Tuesday, November 07, 2006

1L Hypochondria

Just as first year medical students are said to suffer a sort of mass hypochondria as they become aware of the cornucopia of diseases that might be afflicting them, so I think first year law students undergo a paradigm shift when they realize the simmering cesspool of liability through which they daily swim. It's something akin to a fish thinking it's drowning.

It occurred to me that I might be undergoing this 'change of life' the other night when I walked across the street to get a six pack. There's a convenience store directly across from my house. There's a crosswalk, but it's about 100 yards up the street. It's a residential neighborhood, but it's a fairly busy street. As I scampered across on the way over via the quickest straightest line, it occurred to me that if a crazed Mr. McPsychoDriver ran me down going 20 over the limit with no headlights, no working breaks and talking on his cellphone while taking a hit from his crack pipe, Mr. McPsychoDriver's attorney would point out that I was not using a crosswalk. I'll let you guess which way I went home.

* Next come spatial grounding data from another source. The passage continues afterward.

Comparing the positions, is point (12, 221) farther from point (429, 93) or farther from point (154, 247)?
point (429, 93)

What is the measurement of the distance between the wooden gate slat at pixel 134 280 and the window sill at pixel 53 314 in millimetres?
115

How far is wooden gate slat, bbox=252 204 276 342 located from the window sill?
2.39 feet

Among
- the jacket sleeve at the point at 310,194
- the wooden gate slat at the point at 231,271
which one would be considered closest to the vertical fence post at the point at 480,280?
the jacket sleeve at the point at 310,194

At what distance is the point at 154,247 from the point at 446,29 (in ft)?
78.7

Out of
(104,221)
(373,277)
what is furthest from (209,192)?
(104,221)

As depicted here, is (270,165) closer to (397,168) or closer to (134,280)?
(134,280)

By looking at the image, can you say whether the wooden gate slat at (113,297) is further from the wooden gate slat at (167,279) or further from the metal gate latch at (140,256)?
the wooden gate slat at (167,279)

Can anyone else relate or is this just my own little pet neurosis?

3 Comments:

Blogger David said...

I certainly don't think your alone on that one...its amazing how many torts I would see every day when taking that class. Your hypo was perhaps more interesting than what I see everyday, but regardless, it doesn't get much better.

11/07/2006 5:52 PM  
Blogger Luis Villa said...

You're definitely not alone. Sigh. I liked life a lot better when I could stand on a train platform without thinking about Mrs. Palsgraf.

11/07/2006 6:09 PM  
Anonymous Anonymous said...

I left Torts class one day at about this time of year and hopped on a bus to ride the twelve blocks or so back to my apartment. Standing near the front of the bus (while not holding on securely to a nearby pole), I watched as an inattentive driver nearly hit a bicyclist who wasn't really where he should have been at the time, close enough to the bus that it would have had a difficult time stopping before hitting the car, in which event I would have probably gone flying, laden with a backpack full of casebooks, into the person in front of me.

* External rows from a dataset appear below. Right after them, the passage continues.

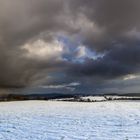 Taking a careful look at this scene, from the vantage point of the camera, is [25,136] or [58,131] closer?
[25,136]

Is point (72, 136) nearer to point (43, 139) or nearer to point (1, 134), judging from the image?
point (43, 139)

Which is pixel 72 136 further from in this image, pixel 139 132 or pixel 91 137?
pixel 139 132

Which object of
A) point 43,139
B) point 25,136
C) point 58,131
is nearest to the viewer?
point 43,139

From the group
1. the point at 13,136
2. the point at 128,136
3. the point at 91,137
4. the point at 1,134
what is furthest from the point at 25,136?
the point at 128,136

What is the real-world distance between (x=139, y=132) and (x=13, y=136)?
6.97 m

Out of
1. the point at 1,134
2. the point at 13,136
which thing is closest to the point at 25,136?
the point at 13,136

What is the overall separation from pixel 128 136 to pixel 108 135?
1.12 m

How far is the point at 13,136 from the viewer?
15867mm

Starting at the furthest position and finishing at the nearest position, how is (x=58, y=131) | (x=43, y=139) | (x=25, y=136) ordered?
(x=58, y=131) → (x=25, y=136) → (x=43, y=139)

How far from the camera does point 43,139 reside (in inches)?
577

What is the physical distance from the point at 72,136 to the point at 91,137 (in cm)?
107

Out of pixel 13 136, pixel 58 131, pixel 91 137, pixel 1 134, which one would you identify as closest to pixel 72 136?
pixel 91 137

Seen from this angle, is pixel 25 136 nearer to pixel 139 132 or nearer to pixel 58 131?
pixel 58 131

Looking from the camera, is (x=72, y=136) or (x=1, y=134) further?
(x=1, y=134) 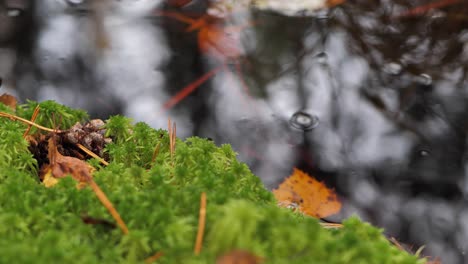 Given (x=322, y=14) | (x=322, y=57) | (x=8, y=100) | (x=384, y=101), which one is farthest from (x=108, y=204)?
(x=322, y=14)

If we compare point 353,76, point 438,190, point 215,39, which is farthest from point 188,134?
point 438,190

A moment later I caught my brain grinding through the elements of several different claims and realized that it hadn't even taken me a full semester to become seriously twisted thanks to law school.

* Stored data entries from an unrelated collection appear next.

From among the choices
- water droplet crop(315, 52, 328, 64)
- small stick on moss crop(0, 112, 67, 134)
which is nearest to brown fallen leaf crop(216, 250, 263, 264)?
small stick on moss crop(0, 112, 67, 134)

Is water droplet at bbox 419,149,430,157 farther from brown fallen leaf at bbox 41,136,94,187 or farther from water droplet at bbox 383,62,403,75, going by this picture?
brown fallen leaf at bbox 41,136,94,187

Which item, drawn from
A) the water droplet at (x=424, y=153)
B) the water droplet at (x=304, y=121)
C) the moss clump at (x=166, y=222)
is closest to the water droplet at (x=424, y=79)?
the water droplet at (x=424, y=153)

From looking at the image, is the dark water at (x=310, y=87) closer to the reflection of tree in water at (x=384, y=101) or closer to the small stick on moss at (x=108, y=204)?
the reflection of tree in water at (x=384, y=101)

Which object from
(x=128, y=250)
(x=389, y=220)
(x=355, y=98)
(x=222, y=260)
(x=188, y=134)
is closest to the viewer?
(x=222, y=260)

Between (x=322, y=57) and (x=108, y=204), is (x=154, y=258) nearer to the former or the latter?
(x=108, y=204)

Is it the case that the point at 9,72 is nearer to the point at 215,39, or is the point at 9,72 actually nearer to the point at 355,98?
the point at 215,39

I had a similar experience after trying a construction defect case a few years later, when I realized I probably would never be able to look at a building the same way again. I actually enjoy that new awareness most of the time -- I was always interested in architecture, and now I'm more aware of how buildings really work. The problem is that I have a tendency to worry that some awful latent defect is going to destroy my house. That part's not so great.